What is being asked: Although the entries contain pictures, the copy should hold only their exact text.

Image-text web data
#####

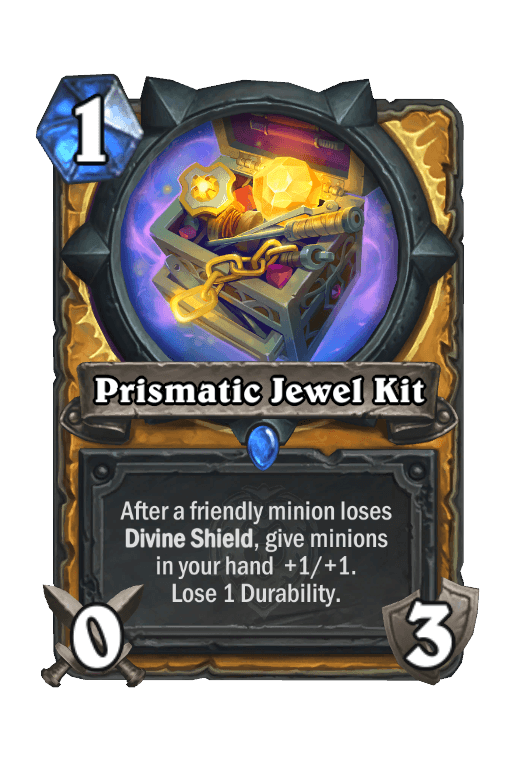Prismatic Jewel Kit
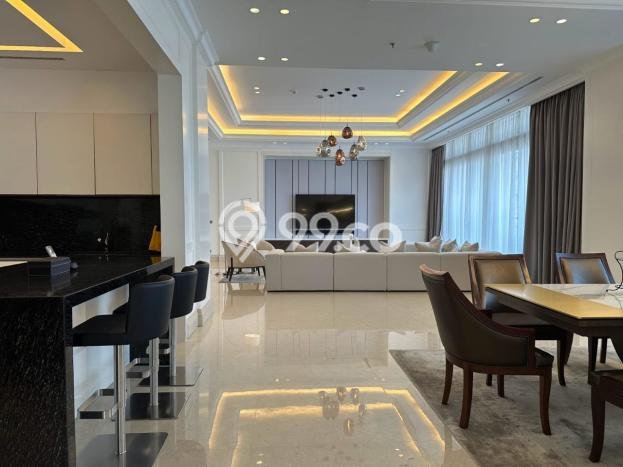Apartemen Minimalis untuk Disewa, 4 Kamar di Jakarta Selatan Apartemen Minimalis untuk Disewa, 4 Kamar di Jakarta Selatan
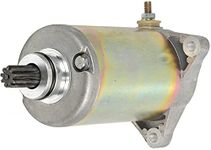 DB Electrical SMU0068 Suzuki ATV Starter Compatible With/Replacement For LT250E LT250Ef LT300E Quadrunner, Motorcycels GN250, GZ250, TU250X, 31100-24500, 31100-38300, 31100-38300-H17, 31100-41B00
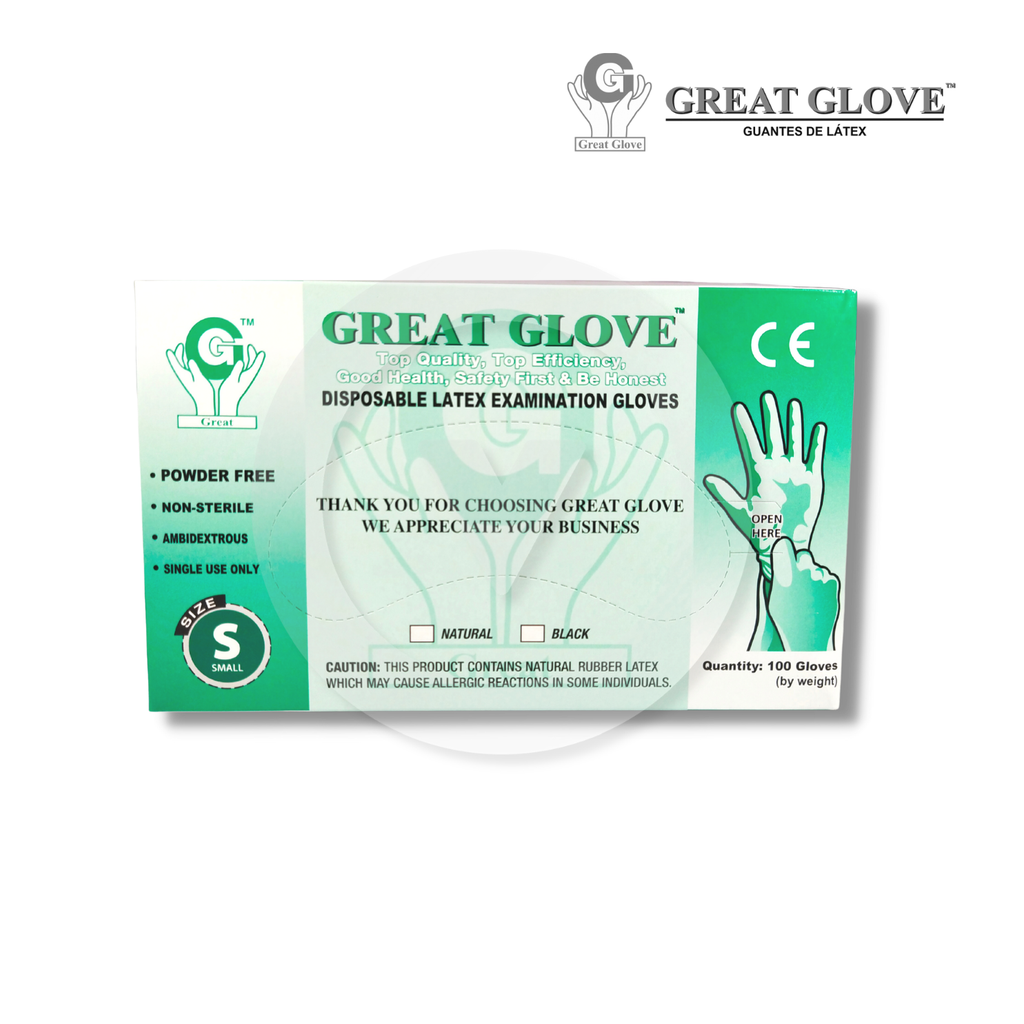 Great Glove Latex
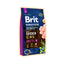 Cухий корм для собак Brit Premium Dog Adult S 8 кг - курка - pawow.com.ua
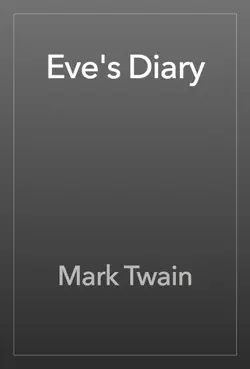 eve's diary book cover image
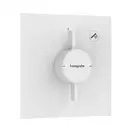 Hansgrohe DuoTurn E Смеситель скрытого монтажа, белый матовый (75617700)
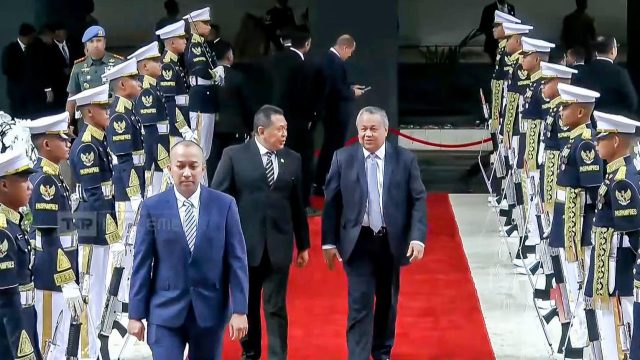 Hadiri Paripurna, Bamsoet Dukung KEM-PPKF 2027 Pilihan Presiden Prabowo Subianto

#####

Task output:
Prismatic Jewel Kit
Apartemen Minimalis untuk Disewa, 4 Kamar di Jakarta Selatan Apartemen Minimalis untuk Disewa, 4 Kamar di Jakarta Selatan
 DB Electrical SMU0068 Suzuki ATV Starter Compatible With/Replacement For LT250E LT250Ef LT300E Quadrunner, Motorcycels GN250, GZ250, TU250X, 31100-24500, 31100-38300, 31100-38300-H17, 31100-41B00
 Great Glove Latex
 Cухий корм для собак Brit Premium Dog Adult S 8 кг - курка - pawow.com.ua
 eve's diary book cover image
 Hansgrohe DuoTurn E Смеситель скрытого монтажа, белый матовый (75617700)
 Hadiri Paripurna, Bamsoet Dukung KEM-PPKF 2027 Pilihan Presiden Prabowo Subianto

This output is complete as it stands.